One class has a class threading.Lock and an instance threading.Lock to coordinate critical sections between asynchronous tasks in the chains. However, the locks are not used in executing the new methods.
The test program has only the main task chain. In the large app I generate the Geom in tasks scheduled in the additional task chain. I tried having this task leave the result GeomNode for a task in the main task chain to do the reparentTo, but this produces the same result – the first reparentTo starts the freeze.

In the freeze:

the app’s GPU usage drops from 10% to zero and CPU usage drifts down over several seconds from 3-4% to almost 0%
the executing task on the additional chain continues to run (GETing APIs). On completion it is never rescheduled
The Panda display window becomes non-responsive. e.g. can’t directly close it (but can from PyCharm)

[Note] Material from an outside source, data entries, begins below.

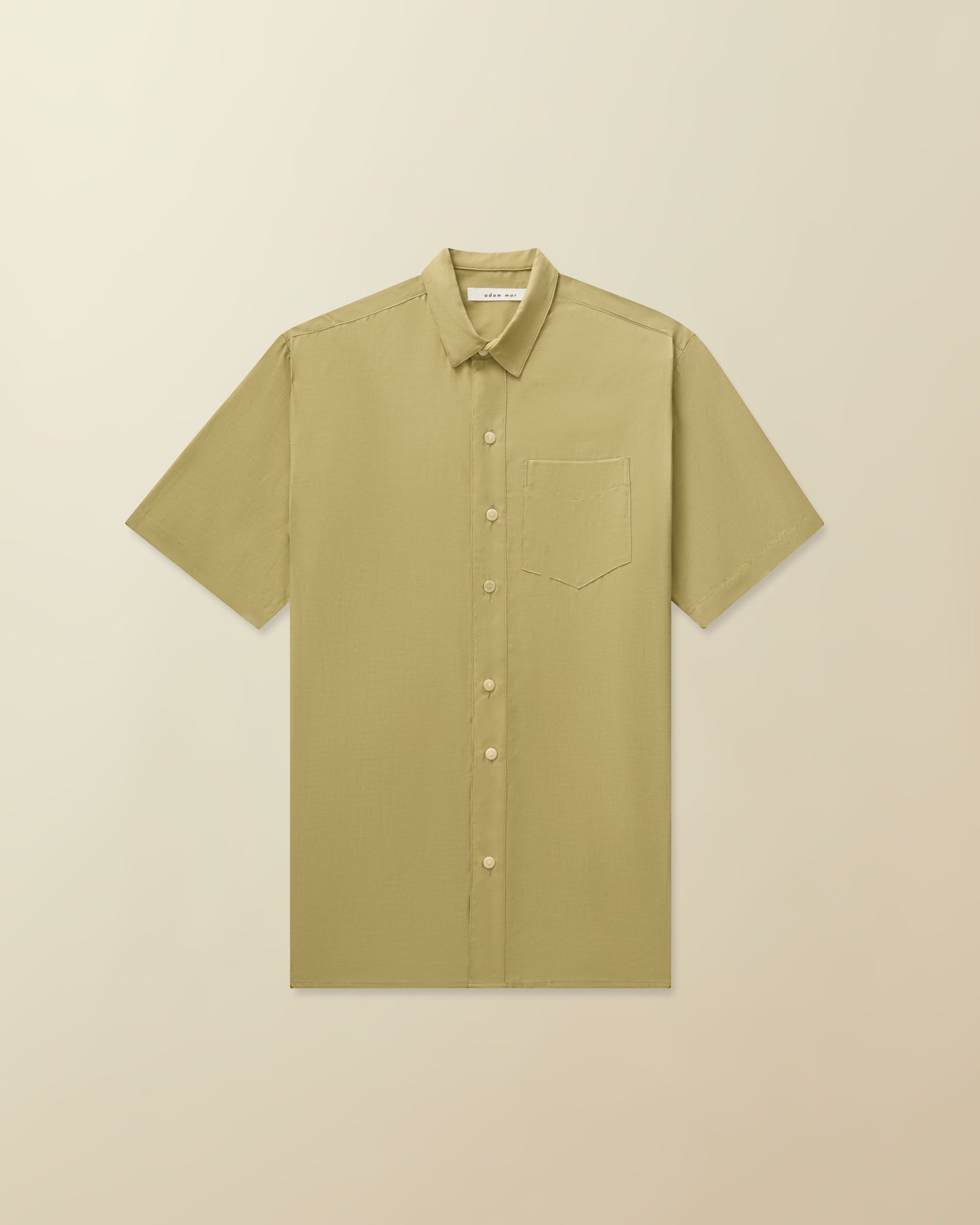 Fugazi Silk Button Down ( sage )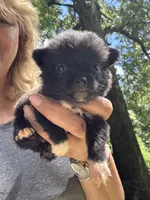 Piper, a female Pomchi for sale in Hernando, MS – 1 of 2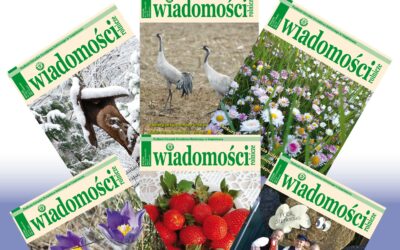 „Wiadomości Rolnicze” w gronie najlepszych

Windows 10, PyCharm 2021.1, Python 3.8, Panda3d 1.10.8

Anyone seen this before and have suggestions as to where to look?

Simulan · May 1, 2021, 6:37pm

There seem to be a lot of moving parts, so I would suggest something simple. If you can, try disabling threading on your requests library to see if that makes a difference.

What are your load_prc_file_data config options?

logos · May 1, 2021, 11:24pm

my config settings are:
loadPrcFileData(‘my_app’, ‘clock-mode limited’)
loadPrcFileData(‘my_app’, ‘clock-frame-rate 30.0’)
loadPrcFileData(‘wirelessMap’, ‘loader-num-threads 2’)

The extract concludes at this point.